● **Work to complete**
From the line that contains "Prodotto Albero di" to the last line of the records below, retype each line exactly; leave out everything else.

● **Material shown**
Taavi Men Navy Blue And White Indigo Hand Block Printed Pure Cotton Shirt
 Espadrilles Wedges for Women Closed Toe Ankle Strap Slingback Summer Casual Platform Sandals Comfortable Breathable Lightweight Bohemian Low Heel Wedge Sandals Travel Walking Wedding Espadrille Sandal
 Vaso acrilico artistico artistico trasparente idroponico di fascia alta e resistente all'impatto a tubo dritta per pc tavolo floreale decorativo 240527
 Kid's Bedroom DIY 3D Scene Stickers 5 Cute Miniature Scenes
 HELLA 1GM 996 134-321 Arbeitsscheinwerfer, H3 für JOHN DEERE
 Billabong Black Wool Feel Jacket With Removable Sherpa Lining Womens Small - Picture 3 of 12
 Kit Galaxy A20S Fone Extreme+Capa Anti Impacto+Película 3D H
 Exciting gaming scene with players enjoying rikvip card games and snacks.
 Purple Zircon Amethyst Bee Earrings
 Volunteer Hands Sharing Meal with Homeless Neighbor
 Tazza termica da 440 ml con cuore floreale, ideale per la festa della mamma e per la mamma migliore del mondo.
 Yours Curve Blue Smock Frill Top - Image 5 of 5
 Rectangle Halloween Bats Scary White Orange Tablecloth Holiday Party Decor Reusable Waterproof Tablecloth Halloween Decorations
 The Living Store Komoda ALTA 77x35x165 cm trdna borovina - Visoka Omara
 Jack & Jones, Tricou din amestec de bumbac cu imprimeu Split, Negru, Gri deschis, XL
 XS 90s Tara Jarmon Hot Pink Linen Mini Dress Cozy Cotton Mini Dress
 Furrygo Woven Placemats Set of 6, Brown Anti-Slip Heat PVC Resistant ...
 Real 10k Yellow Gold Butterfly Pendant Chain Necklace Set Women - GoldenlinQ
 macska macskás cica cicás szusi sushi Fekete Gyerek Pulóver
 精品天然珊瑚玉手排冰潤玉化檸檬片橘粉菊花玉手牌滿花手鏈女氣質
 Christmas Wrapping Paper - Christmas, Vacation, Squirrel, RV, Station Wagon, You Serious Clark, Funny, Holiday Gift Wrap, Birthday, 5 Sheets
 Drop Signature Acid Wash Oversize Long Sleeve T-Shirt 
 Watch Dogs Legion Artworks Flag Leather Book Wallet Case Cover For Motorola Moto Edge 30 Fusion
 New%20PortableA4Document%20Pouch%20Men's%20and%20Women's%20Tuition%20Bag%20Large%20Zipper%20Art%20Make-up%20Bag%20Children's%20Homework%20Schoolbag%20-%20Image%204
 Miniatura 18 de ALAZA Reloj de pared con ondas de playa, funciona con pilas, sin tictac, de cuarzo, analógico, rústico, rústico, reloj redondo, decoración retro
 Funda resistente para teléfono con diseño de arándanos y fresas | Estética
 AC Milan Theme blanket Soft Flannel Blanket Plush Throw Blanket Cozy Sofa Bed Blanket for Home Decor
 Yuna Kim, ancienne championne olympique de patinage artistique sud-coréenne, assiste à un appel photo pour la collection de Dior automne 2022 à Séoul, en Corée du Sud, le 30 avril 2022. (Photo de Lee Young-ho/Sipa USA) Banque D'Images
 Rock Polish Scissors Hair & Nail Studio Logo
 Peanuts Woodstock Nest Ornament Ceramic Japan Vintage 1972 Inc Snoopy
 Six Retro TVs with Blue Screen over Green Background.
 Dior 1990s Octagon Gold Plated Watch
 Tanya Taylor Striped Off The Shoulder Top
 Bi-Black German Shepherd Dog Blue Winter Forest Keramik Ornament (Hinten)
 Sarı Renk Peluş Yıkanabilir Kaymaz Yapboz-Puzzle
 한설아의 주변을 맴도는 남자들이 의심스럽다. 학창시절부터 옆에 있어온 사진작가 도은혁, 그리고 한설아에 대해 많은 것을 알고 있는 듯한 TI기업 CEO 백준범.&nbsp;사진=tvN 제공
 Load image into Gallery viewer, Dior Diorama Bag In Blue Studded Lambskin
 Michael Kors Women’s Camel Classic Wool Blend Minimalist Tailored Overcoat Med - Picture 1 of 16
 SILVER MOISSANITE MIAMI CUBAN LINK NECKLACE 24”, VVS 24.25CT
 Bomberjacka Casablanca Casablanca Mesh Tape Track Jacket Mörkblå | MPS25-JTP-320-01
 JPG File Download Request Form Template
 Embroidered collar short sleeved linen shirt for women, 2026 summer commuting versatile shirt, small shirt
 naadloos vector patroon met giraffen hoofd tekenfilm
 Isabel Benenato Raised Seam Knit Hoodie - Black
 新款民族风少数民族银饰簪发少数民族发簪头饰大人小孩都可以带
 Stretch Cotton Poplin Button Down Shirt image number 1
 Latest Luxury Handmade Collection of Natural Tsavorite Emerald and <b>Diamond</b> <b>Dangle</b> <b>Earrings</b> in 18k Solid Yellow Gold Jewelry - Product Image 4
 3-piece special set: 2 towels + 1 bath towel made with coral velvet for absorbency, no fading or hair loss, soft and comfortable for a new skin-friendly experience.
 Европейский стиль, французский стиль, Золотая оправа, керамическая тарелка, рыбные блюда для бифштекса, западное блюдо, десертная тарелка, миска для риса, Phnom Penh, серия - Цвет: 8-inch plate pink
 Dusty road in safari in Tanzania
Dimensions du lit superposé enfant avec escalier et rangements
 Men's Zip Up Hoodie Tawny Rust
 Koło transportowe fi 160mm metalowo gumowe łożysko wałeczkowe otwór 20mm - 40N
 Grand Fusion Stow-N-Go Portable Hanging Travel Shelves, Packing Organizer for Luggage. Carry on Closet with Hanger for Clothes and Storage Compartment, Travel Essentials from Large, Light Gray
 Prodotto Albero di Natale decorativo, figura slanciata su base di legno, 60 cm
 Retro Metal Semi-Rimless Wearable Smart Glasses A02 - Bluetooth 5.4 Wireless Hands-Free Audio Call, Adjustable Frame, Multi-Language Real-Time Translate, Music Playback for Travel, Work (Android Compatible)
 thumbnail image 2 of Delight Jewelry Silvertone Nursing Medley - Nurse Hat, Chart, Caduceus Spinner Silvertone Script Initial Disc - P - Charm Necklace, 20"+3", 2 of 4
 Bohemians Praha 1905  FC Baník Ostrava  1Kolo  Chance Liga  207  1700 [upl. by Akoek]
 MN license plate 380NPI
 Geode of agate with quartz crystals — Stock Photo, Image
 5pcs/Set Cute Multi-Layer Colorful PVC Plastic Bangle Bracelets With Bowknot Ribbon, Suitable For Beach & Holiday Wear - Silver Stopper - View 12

● **Exercise response**
 Prodotto Albero di Natale decorativo, figura slanciata su base di legno, 60 cm
 Retro Metal Semi-Rimless Wearable Smart Glasses A02 - Bluetooth 5.4 Wireless Hands-Free Audio Call, Adjustable Frame, Multi-Language Real-Time Translate, Music Playback for Travel, Work (Android Compatible)
 thumbnail image 2 of Delight Jewelry Silvertone Nursing Medley - Nurse Hat, Chart, Caduceus Spinner Silvertone Script Initial Disc - P - Charm Necklace, 20"+3", 2 of 4
 Bohemians Praha 1905  FC Baník Ostrava  1Kolo  Chance Liga  207  1700 [upl. by Akoek]
 MN license plate 380NPI
 Geode of agate with quartz crystals — Stock Photo, Image
 5pcs/Set Cute Multi-Layer Colorful PVC Plastic Bangle Bracelets With Bowknot Ribbon, Suitable For Beach & Holiday Wear - Silver Stopper - View 12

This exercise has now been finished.